SPONSORED The need for faster, larger, more accurate design cycles, along with the performance and cost advantages of GPUs, are all driving the next generation of CFD applications forward. With so many shifts ahead, HPC and CFD users are finding the on-prem route limiting in terms of hardware diversity, flexibility, scalability, and readiness for big shifts like AI/ML into the CFD mix.
Like other areas in high performance computing, change happens relatively slowly in computational fluid dynamics (CFD). The most popular commercial codes have been cobbled together over the decades and optimized for architectures that fit the norm rather than break new barriers.
However, driven by increasing model sizes, demands for greater accuracy at scale, and more pressing efforts for simulations to take a more prominent role over physical testing, CFD is finally changing—and that change is coming fast.

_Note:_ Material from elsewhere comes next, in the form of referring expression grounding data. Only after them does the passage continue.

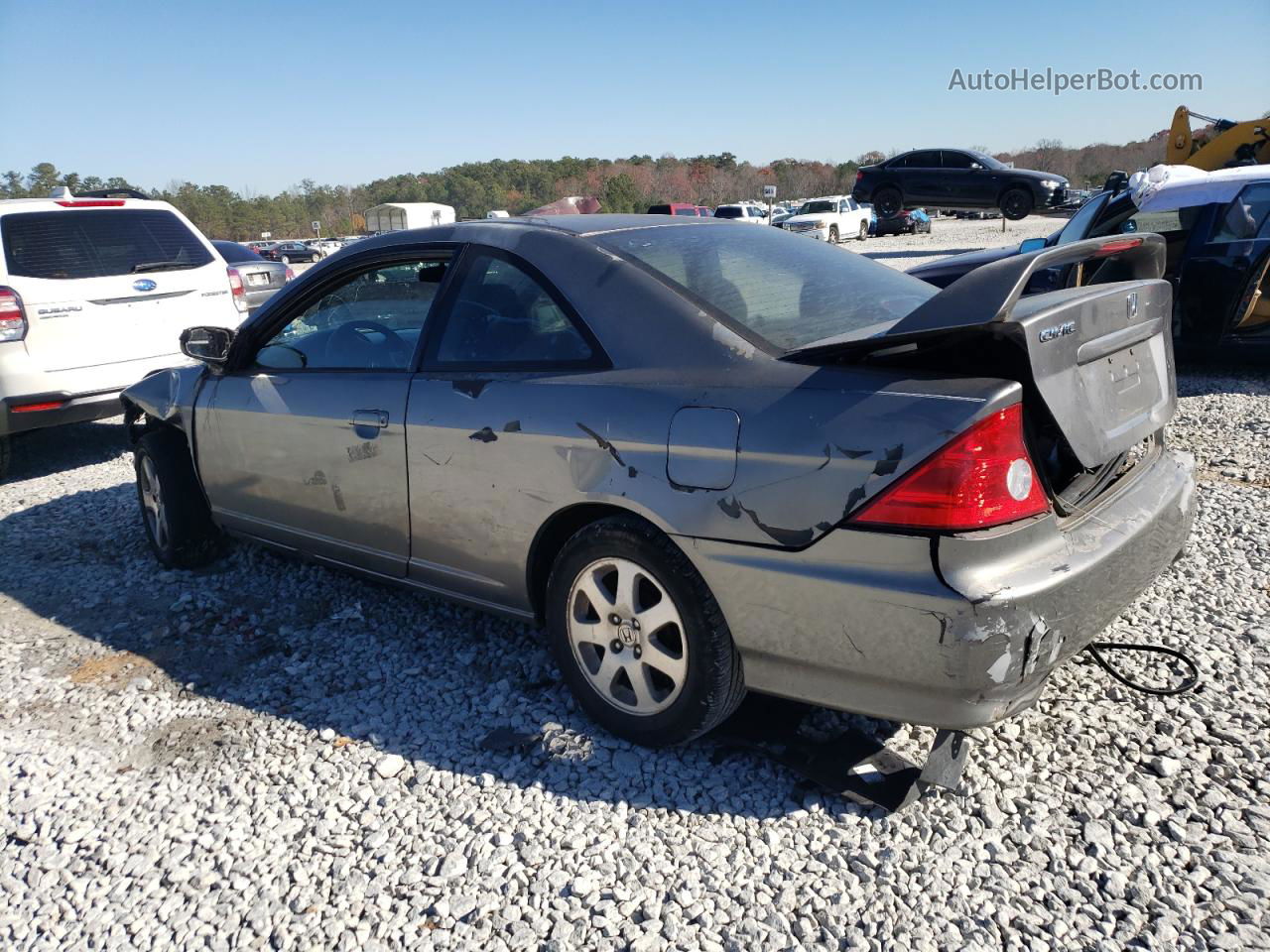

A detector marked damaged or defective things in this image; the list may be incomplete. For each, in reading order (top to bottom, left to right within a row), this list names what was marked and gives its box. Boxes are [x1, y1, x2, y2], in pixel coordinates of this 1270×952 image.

damaged gray coupe [119, 216, 1191, 750]
cracked rear bumper [679, 446, 1199, 730] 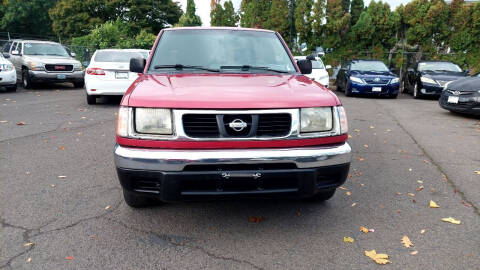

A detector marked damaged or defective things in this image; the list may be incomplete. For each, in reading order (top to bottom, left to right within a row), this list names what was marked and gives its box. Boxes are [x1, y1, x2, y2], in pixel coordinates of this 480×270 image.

pavement crack [376, 100, 478, 216]
pavement crack [104, 217, 266, 270]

On the near horizon, we can expect more companies that previously used CFD as a visualization tool to aid design decisions for physical testing to place more emphasis on simulations. Building a vehicle or plane for testing purposes can add months or even years to design cycles while modern compute capabilities hold the potential for full simulations of entire automobiles or aircraft. Although this is more of a regulatory issue (for instance, government aviation agencies requiring physical tests) Amazon Web Services (AWS) is looking to a future when full-run simulations can hold the full weight of physical testing.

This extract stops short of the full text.